RESPONSIVE WEBSITE

 


The University of Sydney is an Australian public research university with multiple libraries that provide one of the most diverse collection of resources for their students and research professionals.


 

The challenge

To redevelop their library website with existing framework constraints and deliver a responsive solution while managing third-party database limitations

Approach

Continually engage with various stakeholders to deliver a solution that met the many requirements of multiple internal divisions within the library and university.

My role

I collaborated and shared various UX activities with the UX Lead while leading sketching, journey map development, test participant recruitment, scripting, synthesis, reporting, QA with visual design and development teams during the five month website redevelopment.

My UX activities

• Client/stakeholder management
• Contextual research
• Qualitative/quantitative surveying
• Secondary research
• Card sorting
• Ideation, sketching and iteration
• Information architecture (IA)
• Personas
• Journey maps
• UI collaboration and direction
• Prototyping
• Usability testing
• Synthesis and reporting
• Wireframes

Tools

• Adobe Adobe Creative Suite‎
• Paper, Post-it Notes and Sharpies
• Sketch 3
• Marvel
• SurveyGizmo

Outcomes

Delivered 18 interface templates (all responsive views) that were integrated, tested and deployed by the Boomworks front and back end development team.

Beginning of a five month journey

Original website in 2015

The library’s website had endured many updates and add-ons through the years. It was content heavy and needed to reflect their recent business transformation of a services model, plus adopt the universities newly branded main site.

Initial engagement with students and stakeholders to identify key goals and expectations

Guerrilla interviews

We wanted to gain context and understanding from uni students regarding their needs and current engagement with the library.
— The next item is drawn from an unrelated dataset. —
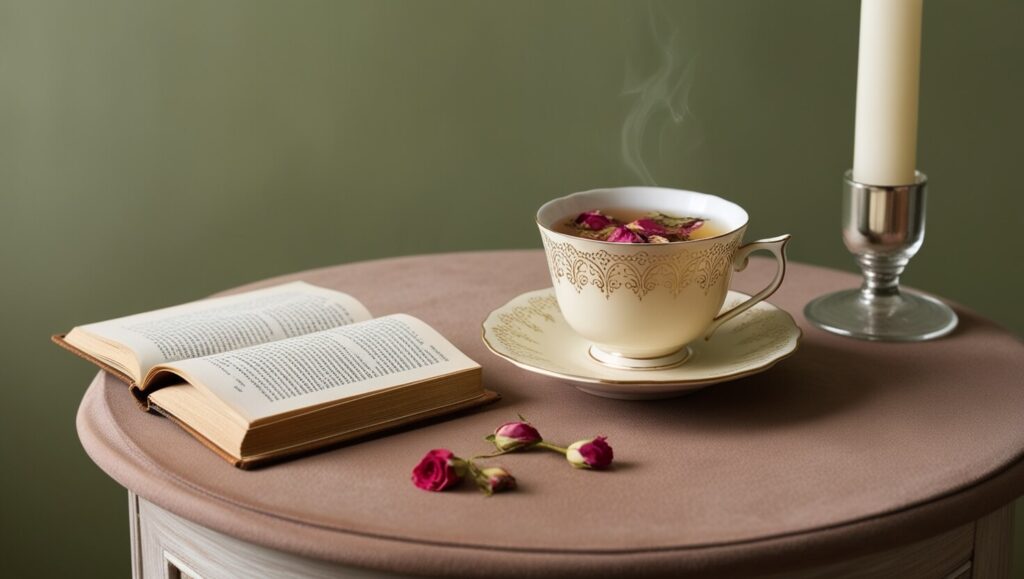 Ambiente relaxante com chá, livro e vela, representando hábitos saudáveis para a pele.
A day was spent on campus for brief conversations and observations as students utilised the existing library site.

Stakeholder workshops

Workshops were conducted to clearly define goals, align expectations and outcomes across various stakeholders. It helped formalise many parameters including design principles which guided initial sketches through to delivery of the final responsive interface templates.
  • Simplified navigation & clear visual hierarchy
  • Better Information Architecture (IA) & labelling
  • UI enhancements & consistency
  • Display critical information transparently

One of the core takeaways from both students and stakeholders was the importance of elevating and accessing key library services

Initial research informing future UX activities and artefacts

Persona and journey development

18 existing personas were provided by The University of Sydney Library. Relevant specifics were extracted and integrated with the findings from our initial student engagement. Six personas (three primary and three secondary) were created to represent a wide range of students and researchers that identified key specifics including goals, needs, motivations and pain points.
Additionally, six journey maps (one for each persona) were developed and tracked the ‘ideal state’ to inform the next phase of ideation and sketching.
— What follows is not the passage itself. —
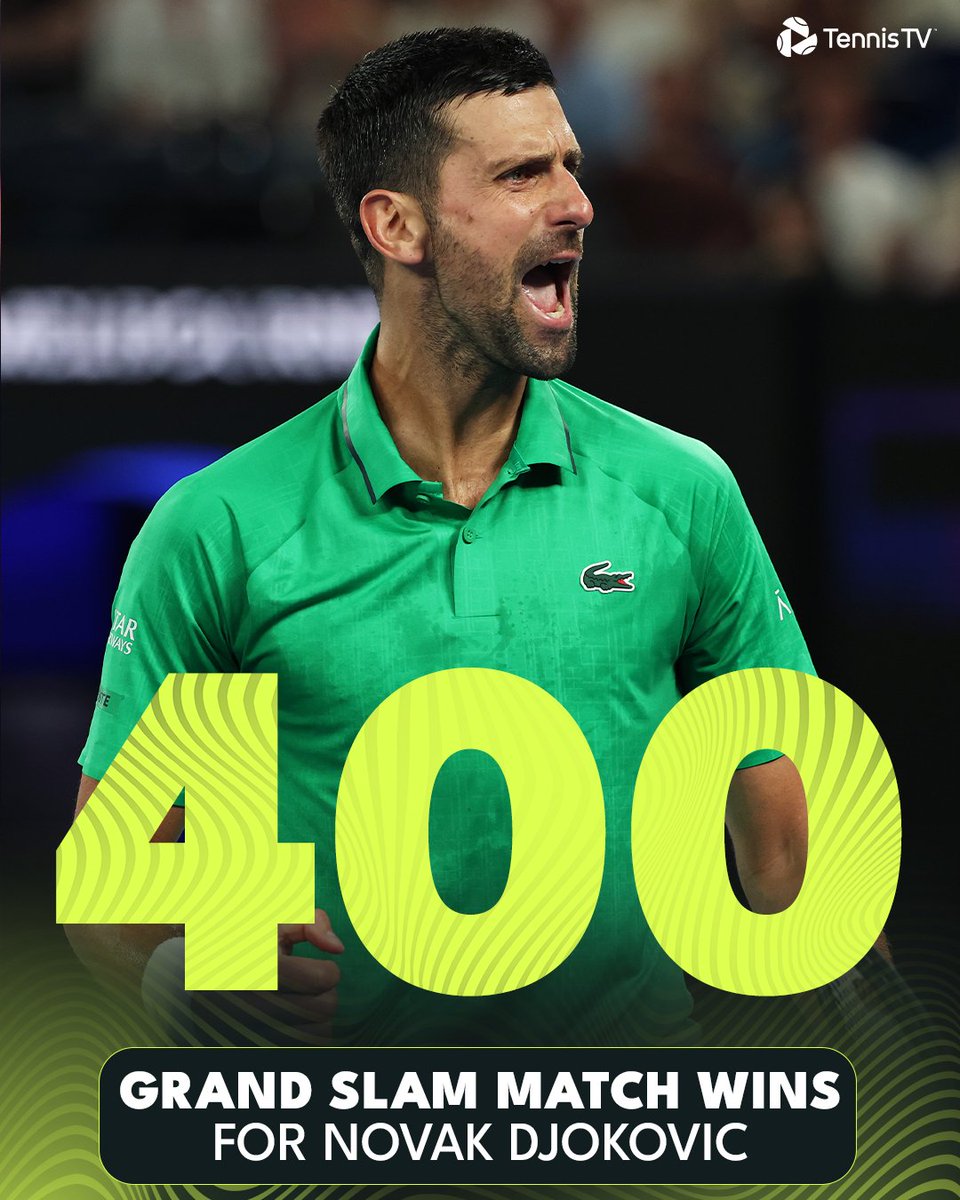 Rekorların adamı Novak Djokovic 🐐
Informed designs focused on a mobile first approach

Fast iterative flows

It was clear from our initial engagement that the preferred 'go to' device for students was their mobile phone. So the initial design process focused on a mobile first approach to elevate primary contextual task that students performed on a daily basis e.g. book a study room, loans login, live chat. This was one of the core findings of both engagement with students and stakeholders – elevation and access to key library services.
I am a big advocate for working lean and sketching quickly. I began with rough sketches and worked through the user flows informed by the journey maps.

I worked closely with the developers to clearly understand the limitations of existing frameworks so usability could be maximised

Sketch refinement

Sketches were refined and five different designs discussed with the client which were narrowed to three.

Sketching other viewports

While designing with a mobile first approach, I continually sketched other viewports to identify any responsive issues that could occur.

Exploring multiple designs and testing shallow lo-fi prototypes to maximise feedback and identify preference

Clear direction for future iteration

I identified key design differences including tools, main navigation and search functionality. Three significantly different designs (A/B/C wireframes and prototypes) were  tested to maximise participant feedback, plus clearly identify design preference in the initial round of testing.

“I don't like how the search field moves down when I want to specify what I am looking for”

Usability testing and lean findings

A lean findings report was produced to inform stakeholders of the results and review the suggested iterations so all team members involved had an agreed direction for the next phase of design.
Option B (prototype) from this round of testing was the clear winner. The majority of participants preferred this option for it’s simple search functionality, plus the location of tools and being able to book services contextually.

Informed design iterations and more testing with hi-fi colour prototypes across both mobile and desktop

Refining and validating

Iterations based on participant feedback from the previous round of testing were implemented into hi-fi colour prototypes which included all primary pages to be delivered so any additional iterations could be made before moving the final designs into development.

Final detailed designs and implementation

18 responsive interface templates

I worked with the UI Designer and supervised the final detailed designs, plus I provided Quality Assurance (QA) with our developers including integration, testing and deployment.